Exercise -
Write out all of the data again, precisely as it appears.

Available data -

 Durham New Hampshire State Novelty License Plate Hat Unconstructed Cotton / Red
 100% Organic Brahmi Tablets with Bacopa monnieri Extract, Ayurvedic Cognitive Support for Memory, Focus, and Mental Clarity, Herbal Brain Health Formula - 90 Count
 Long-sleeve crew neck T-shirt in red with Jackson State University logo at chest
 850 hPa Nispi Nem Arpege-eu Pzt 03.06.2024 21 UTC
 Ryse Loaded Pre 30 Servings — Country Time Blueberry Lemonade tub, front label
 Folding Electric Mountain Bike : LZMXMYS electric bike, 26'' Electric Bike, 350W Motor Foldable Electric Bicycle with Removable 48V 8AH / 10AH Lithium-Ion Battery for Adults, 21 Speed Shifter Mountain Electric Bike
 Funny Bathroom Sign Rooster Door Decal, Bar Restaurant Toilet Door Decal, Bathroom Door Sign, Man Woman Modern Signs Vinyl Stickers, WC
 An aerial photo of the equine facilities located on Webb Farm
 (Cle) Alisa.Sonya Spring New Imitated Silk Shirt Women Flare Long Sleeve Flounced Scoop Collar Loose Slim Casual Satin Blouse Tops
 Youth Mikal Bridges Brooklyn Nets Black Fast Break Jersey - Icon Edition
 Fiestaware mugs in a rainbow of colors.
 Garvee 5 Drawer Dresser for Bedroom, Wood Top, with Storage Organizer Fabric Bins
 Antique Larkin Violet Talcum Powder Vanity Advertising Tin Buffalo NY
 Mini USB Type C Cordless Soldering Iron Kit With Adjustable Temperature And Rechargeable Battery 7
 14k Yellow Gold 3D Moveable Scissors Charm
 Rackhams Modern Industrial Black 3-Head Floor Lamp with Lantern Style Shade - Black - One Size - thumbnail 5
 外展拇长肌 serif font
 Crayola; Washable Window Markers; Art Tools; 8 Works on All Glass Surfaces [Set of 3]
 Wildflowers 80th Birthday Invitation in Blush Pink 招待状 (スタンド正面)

The completed task -
 Durham New Hampshire State Novelty License Plate Hat Unconstructed Cotton / Red
 100% Organic Brahmi Tablets with Bacopa monnieri Extract, Ayurvedic Cognitive Support for Memory, Focus, and Mental Clarity, Herbal Brain Health Formula - 90 Count
 Long-sleeve crew neck T-shirt in red with Jackson State University logo at chest
 850 hPa Nispi Nem Arpege-eu Pzt 03.06.2024 21 UTC
 Ryse Loaded Pre 30 Servings — Country Time Blueberry Lemonade tub, front label
 Folding Electric Mountain Bike : LZMXMYS electric bike, 26'' Electric Bike, 350W Motor Foldable Electric Bicycle with Removable 48V 8AH / 10AH Lithium-Ion Battery for Adults, 21 Speed Shifter Mountain Electric Bike
 Funny Bathroom Sign Rooster Door Decal, Bar Restaurant Toilet Door Decal, Bathroom Door Sign, Man Woman Modern Signs Vinyl Stickers, WC
 An aerial photo of the equine facilities located on Webb Farm
 (Cle) Alisa.Sonya Spring New Imitated Silk Shirt Women Flare Long Sleeve Flounced Scoop Collar Loose Slim Casual Satin Blouse Tops
 Youth Mikal Bridges Brooklyn Nets Black Fast Break Jersey - Icon Edition
 Fiestaware mugs in a rainbow of colors.
 Garvee 5 Drawer Dresser for Bedroom, Wood Top, with Storage Organizer Fabric Bins
 Antique Larkin Violet Talcum Powder Vanity Advertising Tin Buffalo NY
 Mini USB Type C Cordless Soldering Iron Kit With Adjustable Temperature And Rechargeable Battery 7
 14k Yellow Gold 3D Moveable Scissors Charm
 Rackhams Modern Industrial Black 3-Head Floor Lamp with Lantern Style Shade - Black - One Size - thumbnail 5
 外展拇长肌 serif font
 Crayola; Washable Window Markers; Art Tools; 8 Works on All Glass Surfaces [Set of 3]
 Wildflowers 80th Birthday Invitation in Blush Pink 招待状 (スタンド正面)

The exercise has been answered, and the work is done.